§ **TASK PROMPT**
The reply should consist solely of the lines from the one with "1HGCP3F86BA027046 - 2011" through the final line of the listing, copied exactly, with no pictures.

§ **DATASET CONTENT**
--- START ---

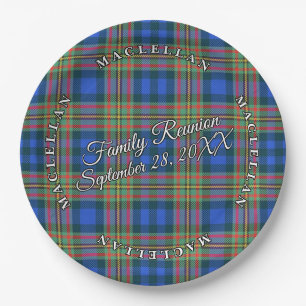 Classic Scots Clan MacLellan Tartan Event Paper Plate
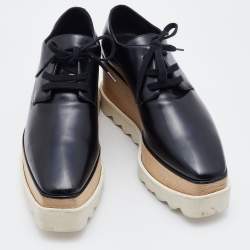 Pre Owned Stella McCartney Black Faux Leather Elyse Platform Derby Sneakers Size 35.5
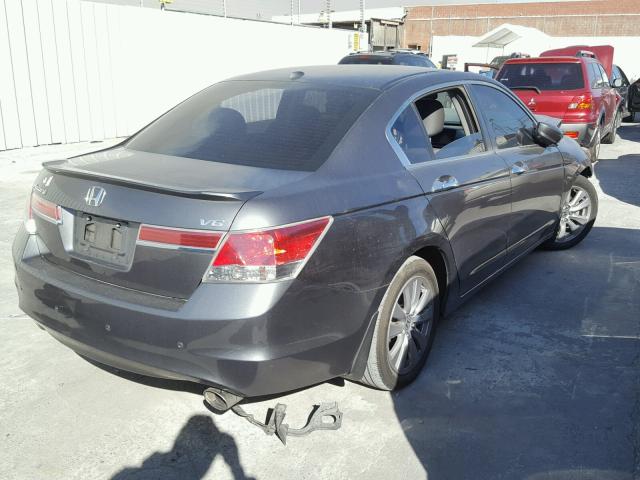 1HGCP3F86BA027046 - 2011 HONDA ACCORD EXL GRAY photo 4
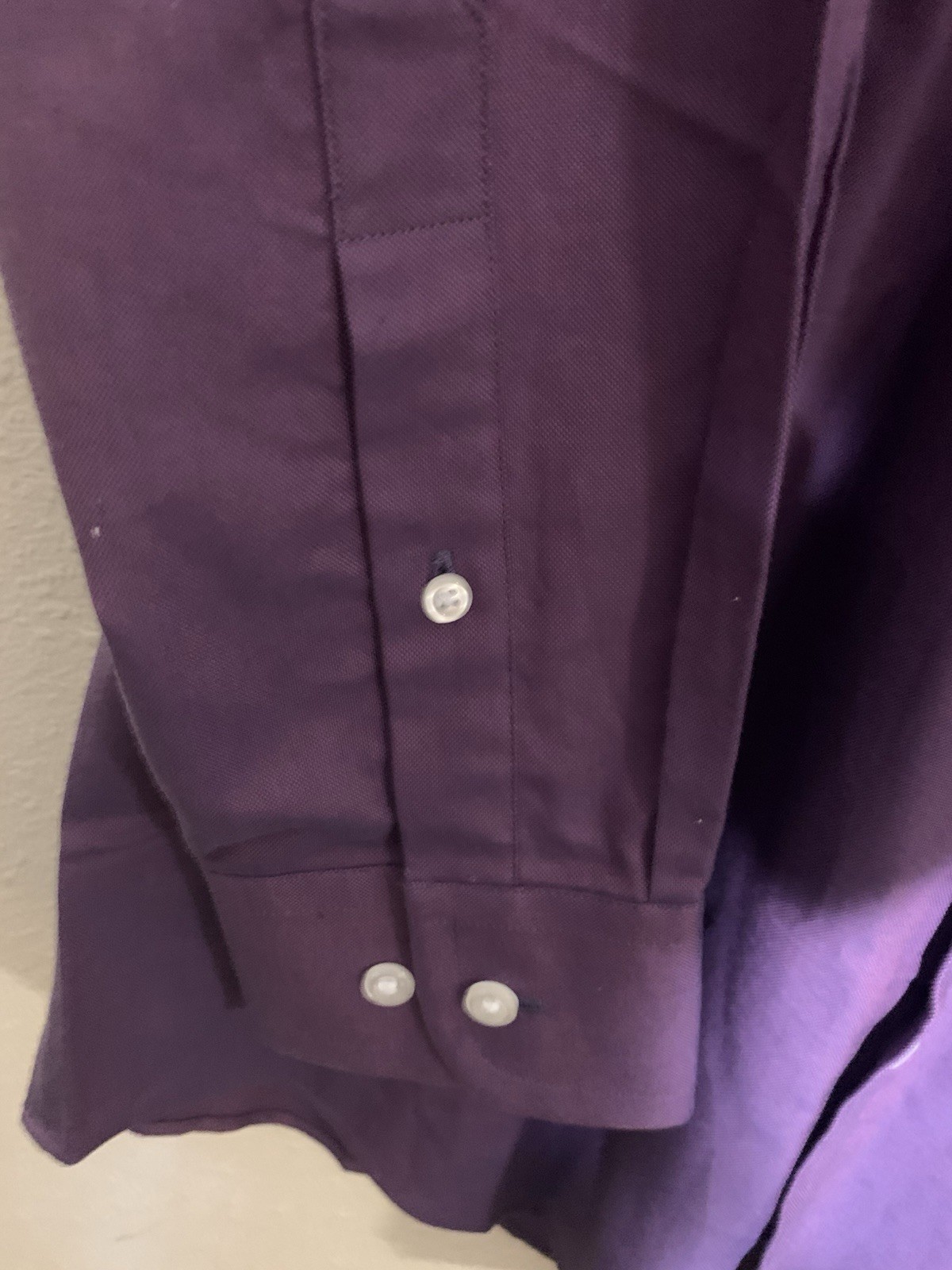 Men Nautica Vintage Oxford Dress Shirt Size 16 1/2 34/35 Purple Button Up Cotton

--- END ---

§ **YOUR SOLUTION**
 1HGCP3F86BA027046 - 2011 HONDA ACCORD EXL GRAY photo 4
 Men Nautica Vintage Oxford Dress Shirt Size 16 1/2 34/35 Purple Button Up Cotton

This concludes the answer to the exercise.